In January 1945, No. 1 Squadron was re-equipped with Mosquitoes with its last operation for in the war being the bombing raid on 8 August 1945 in Kuching. Two aircraft were lost.

The Squadron then returned to Australia and was disbanded in 1946.

On 23 February 1948, No. 12 Squadron, which was operating Australian-built Lincoln Bombers, was re-numbered No.1 Squadron which began another chapter in the history of the "Fighting First".

From 1950–1958, No. 1 Squadron was based in Singapore, and flew missions against communist guerrillas during the Malayan Emergency. Following its return to Australia in July 1958, the squadron was re-equipped with the Canberra jet bomber.

In 1968, No. 1 Squadron personnel departed for the United States of America to convert onto the Canberra's replacement, the F-111 swing-wing fighter-bomber. Technical difficulties delayed delivery of the F-111C and so the F4E Phantom was leased as an interim replacement between 1970 and 1973.

No. 1 Squadron operated the F-111 between 1973 and 2010 in the low-level strike role, simulating attacks on land and maritime targets.

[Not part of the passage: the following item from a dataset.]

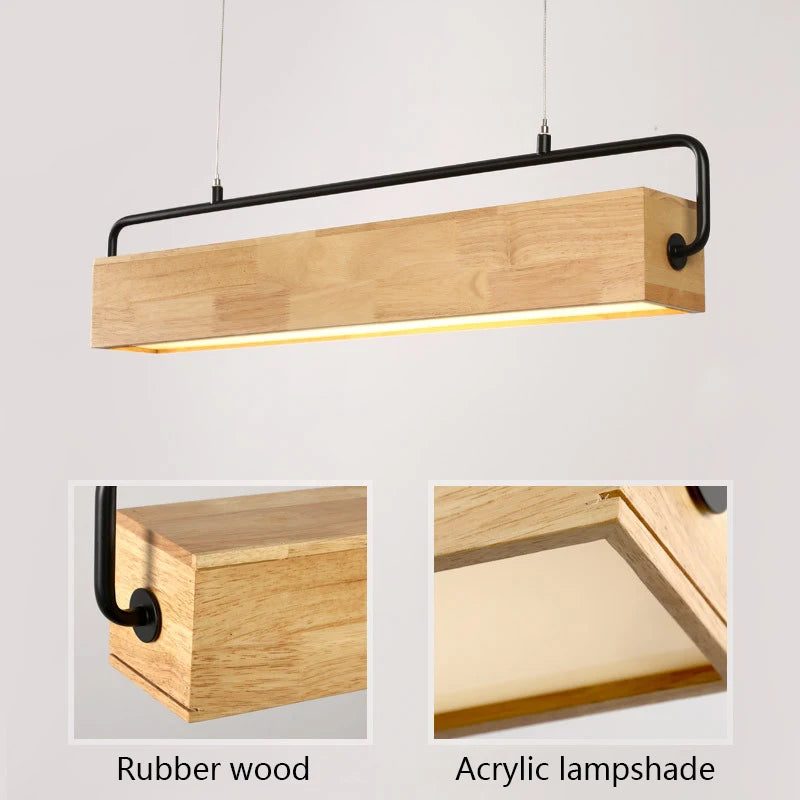 lampes suspendues nordiques en bois led modernes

On 03 March 2007, the Australian Government announced the acquisition of 24 F/A-18F Super Hornets to replace the F-111. On 26 March 2010, F/A-18F Super Hornets began to arrive and on 03 December, the F-111 formally retired from service.

On 21 October 2011, No. 1 Squadron received the latest of its F/A-18Fs to complete its transition from F-111 operations.